Evidemment. Puisque l’on oblige le sportif à contracter, il faudrait lui donner, en contrepartie et selon des modalités à discuter avec les partenaires sociaux, la possibilité de s’engager avec le club de son choix, donc avec l’employeur de son choix comme dans n’importe quel autre secteur activité.

Quitte à devoir payer ?

Mais en toutes connaissances de cause, avec un montant connu, discuté et proportionné du dédit, s’il décidait de renoncer à l’exécution de son premier contrat au sein de son club formateur… Cette règle n’existe pas dans le sport, alors qu’elle l’est ailleurs !

Demain…

Je ne sais pas. Ce que je sais, c’est que forts du soutien de l’équipe de France de basket-ball, de plusieurs rugbymen internationaux, des piliers de l’équipe de France de handball, de la majorité des footballeurs professionnels évoluant en France, nous continuerons le combat. Il semble que le gouvernement nous a entendus, mais comme Saint-Thomas, nous voulons voir avant de croire. C’est pourquoi nous restons mobilisés et les sportifs avec nous.
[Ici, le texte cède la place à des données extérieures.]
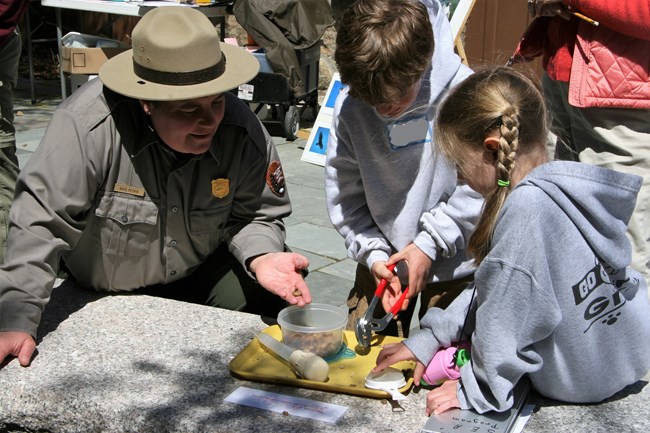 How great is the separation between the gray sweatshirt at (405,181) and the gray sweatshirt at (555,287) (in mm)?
648

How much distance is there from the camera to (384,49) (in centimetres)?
215

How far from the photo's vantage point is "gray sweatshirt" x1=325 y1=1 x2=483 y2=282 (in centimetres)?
246

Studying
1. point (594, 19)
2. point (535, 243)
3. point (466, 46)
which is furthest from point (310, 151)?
point (535, 243)

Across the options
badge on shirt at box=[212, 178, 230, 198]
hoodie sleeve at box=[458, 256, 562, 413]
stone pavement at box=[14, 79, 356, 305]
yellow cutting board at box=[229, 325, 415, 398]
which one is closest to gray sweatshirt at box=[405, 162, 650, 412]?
hoodie sleeve at box=[458, 256, 562, 413]

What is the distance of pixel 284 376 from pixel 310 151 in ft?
13.6

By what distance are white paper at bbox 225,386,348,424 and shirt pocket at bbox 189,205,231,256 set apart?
2.53ft

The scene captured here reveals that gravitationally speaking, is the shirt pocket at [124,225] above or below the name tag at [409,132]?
below

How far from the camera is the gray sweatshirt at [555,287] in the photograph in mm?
1724

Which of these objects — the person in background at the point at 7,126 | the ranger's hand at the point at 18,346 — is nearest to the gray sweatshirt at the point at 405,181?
the ranger's hand at the point at 18,346

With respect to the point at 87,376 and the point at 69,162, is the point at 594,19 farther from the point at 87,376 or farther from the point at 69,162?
the point at 87,376

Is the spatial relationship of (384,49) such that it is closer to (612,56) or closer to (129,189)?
(129,189)

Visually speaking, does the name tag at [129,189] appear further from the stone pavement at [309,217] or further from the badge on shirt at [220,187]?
the stone pavement at [309,217]

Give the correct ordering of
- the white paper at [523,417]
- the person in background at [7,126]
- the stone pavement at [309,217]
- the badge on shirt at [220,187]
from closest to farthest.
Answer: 1. the white paper at [523,417]
2. the badge on shirt at [220,187]
3. the person in background at [7,126]
4. the stone pavement at [309,217]

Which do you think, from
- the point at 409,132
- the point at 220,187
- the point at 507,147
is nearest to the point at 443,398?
the point at 507,147
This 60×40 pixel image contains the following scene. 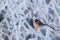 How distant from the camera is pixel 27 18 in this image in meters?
1.11

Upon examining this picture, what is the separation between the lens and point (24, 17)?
3.67ft

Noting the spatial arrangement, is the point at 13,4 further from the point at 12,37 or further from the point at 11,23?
the point at 12,37

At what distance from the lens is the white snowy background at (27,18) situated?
0.99 m

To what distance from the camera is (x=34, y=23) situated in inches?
42.6

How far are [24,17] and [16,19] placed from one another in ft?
0.23

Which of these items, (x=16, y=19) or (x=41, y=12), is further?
(x=16, y=19)

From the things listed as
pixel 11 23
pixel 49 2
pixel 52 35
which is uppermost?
pixel 49 2

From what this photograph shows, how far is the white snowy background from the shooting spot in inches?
39.0

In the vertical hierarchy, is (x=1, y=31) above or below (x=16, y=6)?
below

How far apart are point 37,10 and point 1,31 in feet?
1.17

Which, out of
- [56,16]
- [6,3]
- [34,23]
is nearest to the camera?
[56,16]

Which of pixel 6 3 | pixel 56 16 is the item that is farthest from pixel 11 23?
pixel 56 16

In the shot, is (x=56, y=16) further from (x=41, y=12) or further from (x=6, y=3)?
(x=6, y=3)

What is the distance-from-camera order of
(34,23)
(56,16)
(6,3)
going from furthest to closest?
(6,3) < (34,23) < (56,16) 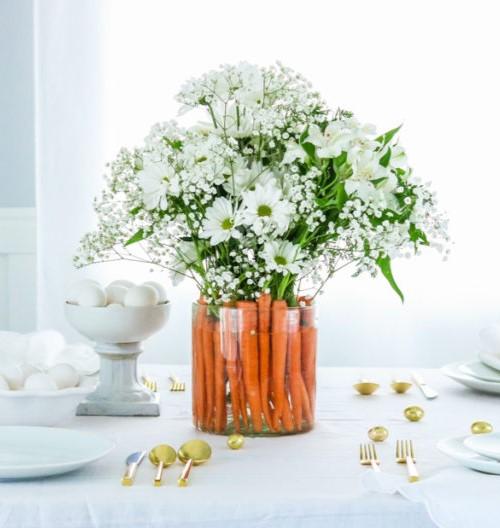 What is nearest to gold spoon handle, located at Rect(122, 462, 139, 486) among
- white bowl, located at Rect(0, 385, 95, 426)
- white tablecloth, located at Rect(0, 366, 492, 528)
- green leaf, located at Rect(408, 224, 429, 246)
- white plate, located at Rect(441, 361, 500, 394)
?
white tablecloth, located at Rect(0, 366, 492, 528)

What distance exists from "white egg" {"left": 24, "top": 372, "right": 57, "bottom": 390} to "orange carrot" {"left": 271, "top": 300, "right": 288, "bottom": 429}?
0.30 metres

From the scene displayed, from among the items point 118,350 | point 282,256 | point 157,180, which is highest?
point 157,180

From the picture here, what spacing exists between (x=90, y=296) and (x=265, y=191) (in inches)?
13.9

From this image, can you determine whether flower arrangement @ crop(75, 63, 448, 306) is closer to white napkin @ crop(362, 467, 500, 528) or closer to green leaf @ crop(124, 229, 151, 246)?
green leaf @ crop(124, 229, 151, 246)

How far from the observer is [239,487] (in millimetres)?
1033

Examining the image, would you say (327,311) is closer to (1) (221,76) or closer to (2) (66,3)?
(2) (66,3)

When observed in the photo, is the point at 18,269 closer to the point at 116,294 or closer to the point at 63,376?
the point at 116,294

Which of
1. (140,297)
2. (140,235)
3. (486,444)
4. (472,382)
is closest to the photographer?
(486,444)

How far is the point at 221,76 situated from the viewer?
4.18ft

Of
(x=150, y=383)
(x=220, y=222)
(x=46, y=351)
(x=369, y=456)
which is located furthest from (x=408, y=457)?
(x=46, y=351)

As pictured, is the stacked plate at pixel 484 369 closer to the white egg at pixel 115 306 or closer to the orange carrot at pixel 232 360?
the orange carrot at pixel 232 360

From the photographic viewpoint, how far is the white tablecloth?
0.97 meters

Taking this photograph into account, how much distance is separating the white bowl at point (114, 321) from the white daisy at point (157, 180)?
0.21m

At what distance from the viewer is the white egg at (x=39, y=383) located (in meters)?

Une grande pétition commence à circuler dans l’ensemble de nos disciplines et nous avons acté un mouvement collectif réunissant toutes les forces vives du sport professionnel de l’hexagone entre le 21 et le 23 septembre prochain, lorsque les championnats de l’ensemble de nos sports respectifs auront repris.

C’est-à-dire ?

Un mouvement de grève générale, mais vous l’aviez compris ! »

Philippe Piat, coprésident de l'UNFP.